Buh-buy, Siloed Spirituality
Though the suburban Chicago landscape is cluttered with far more strip malls than silos, it was the image of those tall, self-contained round storage units that seemed the best image to describe the problem. Get out of the city, drive through this region’s farmland, and you’ll see one or two silos marking most every agricultural property. Each self-contained silo holds similar contents, but none have any visual connection with the others around them.
The Evangelical churches in our area were like those silos. Congregations warehoused inside their own buildings, bunkered inside the four walls of their square silos. After we moved back to IL in 2004, Bill and I got involved in a regional prayer ministry. Through that ministry, we met others who were not satisfied with encouraging churches to simply build bigger silos, but instead cared about cultivating relationships between believers in those silos. I volunteered to begin communicating prayer answers, needs and events between congregational prayer champions. I connected with a woman who’d been involved in organizing quarterly concerts of prayer for our area, and with a fledgling organization called Catalyst Lake County. Catalyst Lake County (no relationship to the conference organization) was launched as a result of conversations a local mega-church pastor began having with a few other local pastors as they began asking together “What can we accomplish together that we can’t do alone?”

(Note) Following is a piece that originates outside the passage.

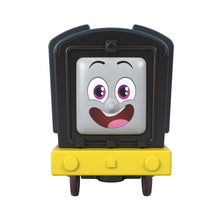 Load image into Gallery viewer, Thomas &amp; Friends Motorized Greatest Moment Engine Assorted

From 2006 onward, I had the privilege of being involved in helping to shape communications strategy for this organization – documenting stories of God at work (I wrote probably close to 200 of these accounts), and working with others to develop an e-newsletter designed to share those stories, along with information, inspiration and event listings that went out to a mailing list with 3,000-plus names on it. It was extremely gratifying to see the way that regular communication facilitated connection. And those involved with Catalyst Lake County, which would eventually become Christ Together Chicago, watched as connection of all kinds began to “de-silo” the churches. Catalyst Lake County brought Pastor Bill Yaccino to this area 6 years ago to nurture these connections, serve church and faith-based not-for-profits, and cheerlead the Church while encouraging her to think in terms of kingdom instead of silo. Kingdom thinking led to relationships being built and, in some cases, repaired between pastors serving the same geographic areas. food drives, shared building projects, urban gardens, backpack drives, prayer gatherings, and county=wide learning/worship/networking events (like this, this, this, this, and this). From this groundwork, 10 pastors in one town took things in a new direction as they launched the Go! Project, where small groups comprised of members from many churches living in the same neighborhood were formed in order to reach out to their not-yet-believing neighbors.
Local leaders hope to facilitate the Go! Project model among pastoral networks across Chicagoland. And the organizational guy involved in starting Catalyst Lake County nearly 10 years ago has connected with others involved in trying to spur city transformation across the country.
Christ Together Chicago in its current form is no more. It has been an honor to serve, first as a volunteer, then for the last 3 years as a contracted Communications Director. I’ll miss the relationships, and I’ll certainly miss the work, but I think the thing I’ll miss the most is seeing people come out of their silos and connect in new ways with the Lord and one another. I am changed because I have had a front-row seat that’s allowed me to catch glimpses of what the answer to this prayer of Jesus might look like:
I pray also for those who will believe in me through their message, hat all of them may be one, Father, just as you are in me and I am in you. May they also be in us so that the world may believe that you have sent me. I have given them the glory that you gave me, that they may be one as we are one—I in them and you in me—so that they may be brought to complete unity. Then the world will know that you sent me and have loved them even as you have loved me. –John 17:20-23
My experience during the last six years has ruined me for life back inside the silo. That kind of ruin is another glimpse of the answer to the prayer of Jesus. As the mission goes forward in new formats and with new leadership, I am praying that many others – both inside and outside the church, glimpse how very lovely, how very John 17, life outside the silo can be.